Many centuries ago, the Incas of Pacific coastal South America had a keen and immediate awareness of the impacts of a strong El Nino. Evidence suggests they resorted to mass human sacrifices to appease the gods of the Sun and Moon they felt were punishing them with cataclysmic rains and flooding. But radiocarbon dating of sea shells along the coast of Peru points to even earlier examples of El Nino, probably as far back as the end of the last Ice Age some 10,000 years ago.
However, El Nino was only officially referenced by name first in an 1892 report to the Geographical Society Congress concerning the unusual current of warm water observed by Peruvian fishermen that periodically devastated the local economy. As came to be known, abnormally warm water reduces upwelling of rich nutrients that form the bottom of the regional food chain, resulting in fish kills or unusual migration patterns. The fishermen reported that the effects were typically maximized around Christmas, hence the local name “El Nino”, Spanish for “Christ Child”. The threat has persisted through today, especially as the frequency and duration of strong El Nino events may be on the increase due to global warming.
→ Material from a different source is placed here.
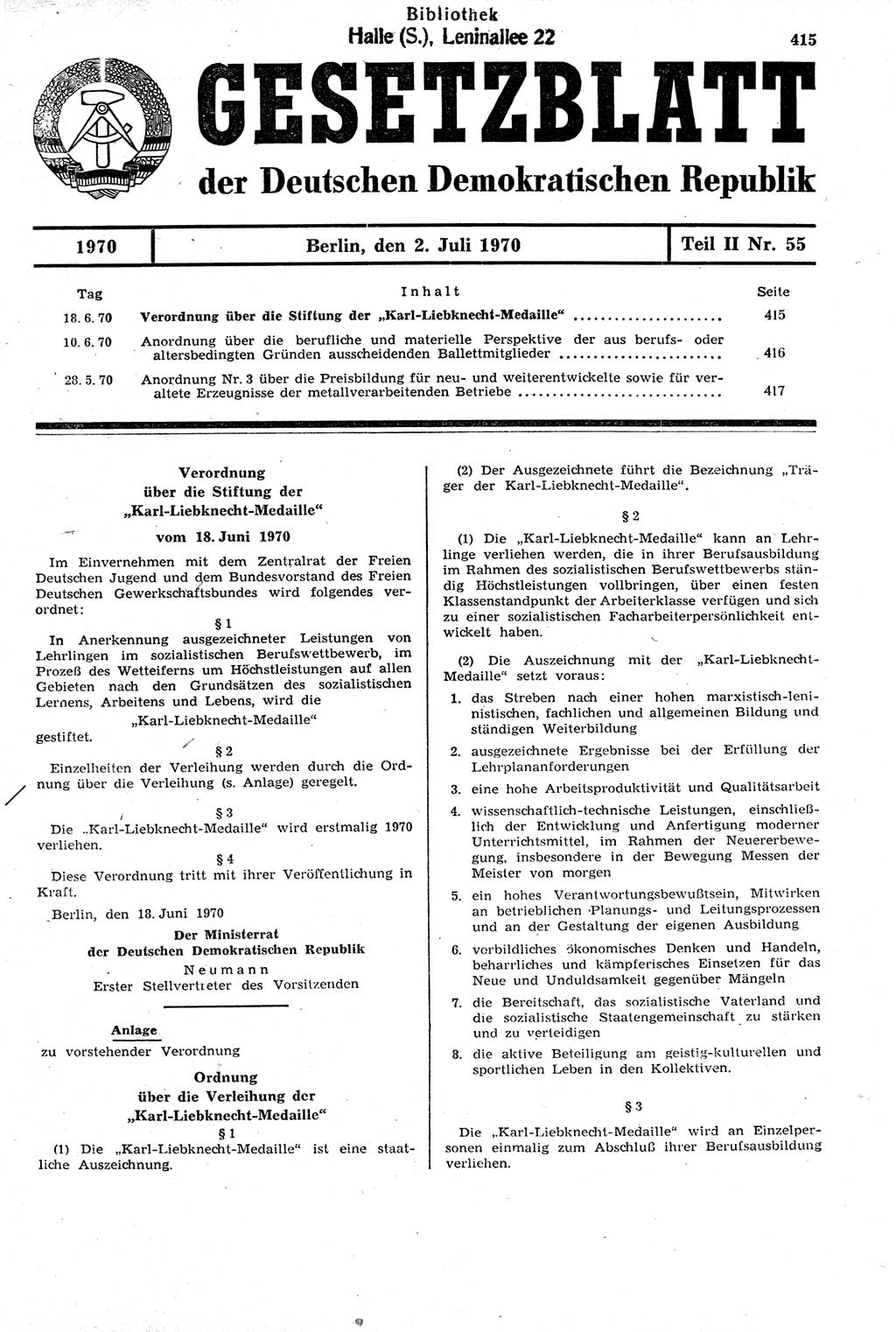 Gesetzblatt (GBl.) der Deutschen Demokratischen Republik (DDR) Teil ⅠⅠ 1970, Seite 415 (GBl. DDR ⅠⅠ 1970, S. 415)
A few years after the term “El Nino” was first given the stamp of scientific authority, a British mathematician named George Walker, stationed in India to study the famous monsoon there, observed a distinct tug-of-war in atmospheric pressure readings between the Eastern and Western Pacific that he coined the Southern Oscillation and that appeared to have major implications for weather patterns across the globe. But it wasn’t until Norwegian-American meteorologist Jacob Bjerknes used data accumulated during the 1957 International Geophysical Year research project to link the oceanic and atmospheric components of what came to be known as ENSO (El Nino-Southern Oscillation). Bjerknes and his colleagues not only described the empirical connection between the two phenomena but the underlying physical explanation as well, recognizing the impact that ENSO had on trade winds, the currents of air that move major weather systems and determine large-scale, long-term patterns of precipitation like monsoons.
Interest spiked in the ENSO, especially the warm phase still known as El Nino, during the winter of 1982-83, the strongest amplitude warming event of the century up to that point. Record-shattering rainfall led to severe flooding in Ecuador and Peru as well as western and southern portions of the US, while parts of Australia, Indonesia, and interior South America suffered from devastating droughts and wildfires. The Peruvian fishing economy was crippled by an almost total failure of the anchovy harvest and the bewildering migration of sardines to cooler waters further south. The event came as a surprise to the atmospheric scientific community at large and instigated numerous research projects as well as the installation of dozens of new sensor packages across the Pacific to monitor variables like sea surface temperatures. The result was a much more timely and confident forecast of the equally strong El Nino event of winter 1997-98.
This winter’s El Nino is well on its way to rivaling the events of 1997-98 and 1982-83 in terms of magnitude. For some it will bring a welcome relief from years of below-normal precipitation, but others, like the Incas, dread the potential for a season of stormy mayhem.